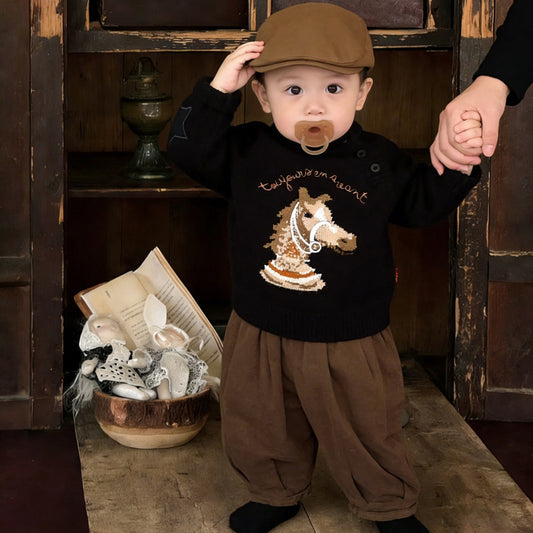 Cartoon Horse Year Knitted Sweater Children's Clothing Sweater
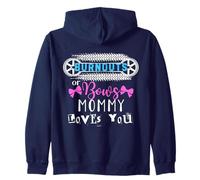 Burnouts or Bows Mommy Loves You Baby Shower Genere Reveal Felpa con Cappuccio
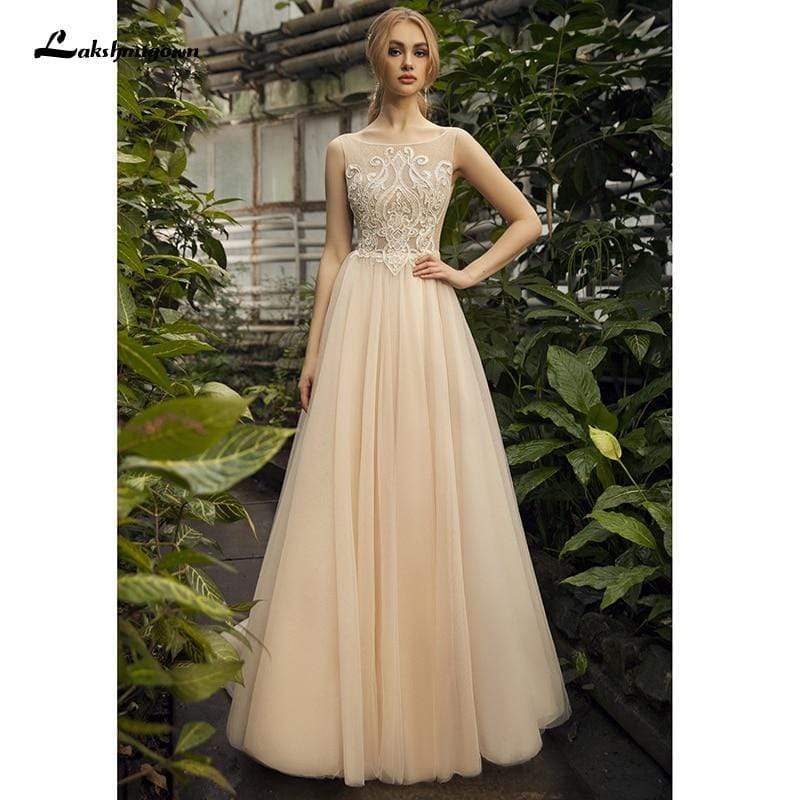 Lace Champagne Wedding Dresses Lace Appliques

* * *

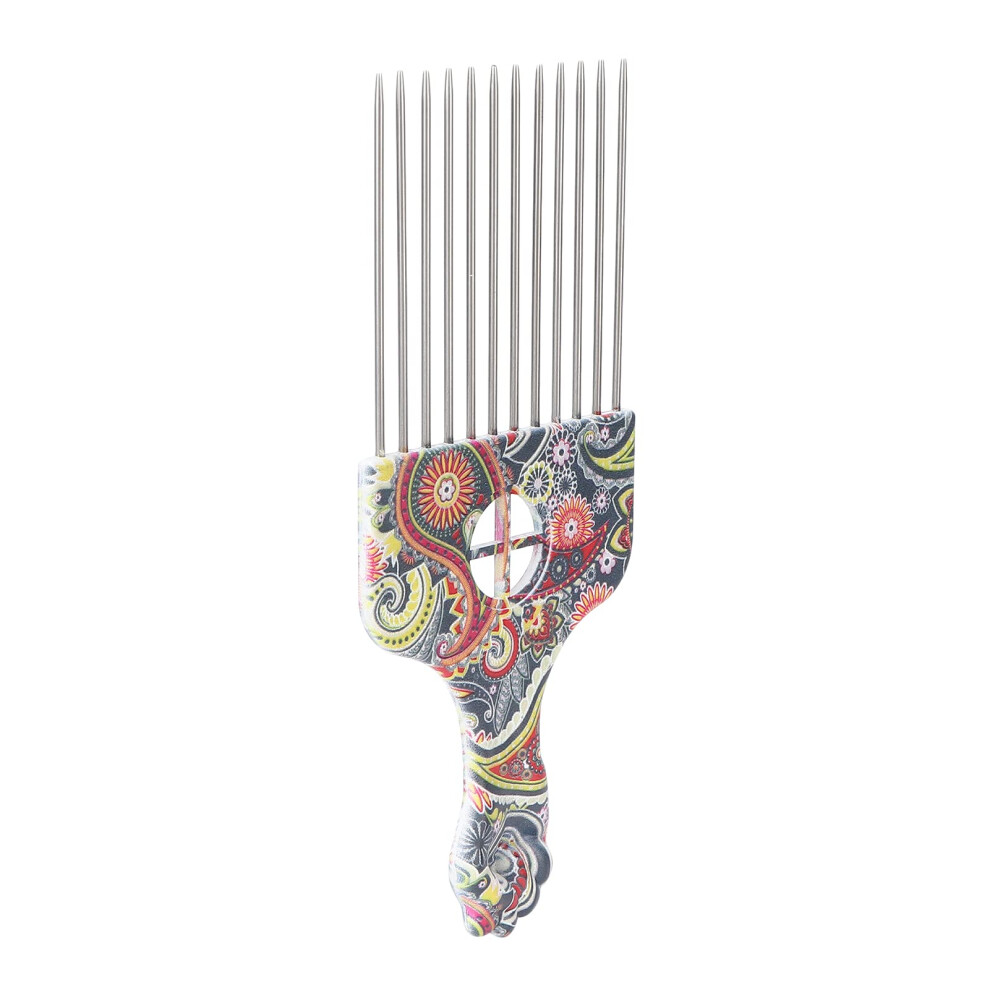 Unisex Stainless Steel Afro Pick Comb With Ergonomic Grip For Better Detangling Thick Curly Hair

▶ _Task directions_:
Above are some entries. Restate word for word the lines from the one holding "Burnouts or Bows" through the one holding "Lace Champagne Wedding", but not the pictures.

▶ _Result of this task_:
 Burnouts or Bows Mommy Loves You Baby Shower Genere Reveal Felpa con Cappuccio
 Lace Champagne Wedding Dresses Lace Appliques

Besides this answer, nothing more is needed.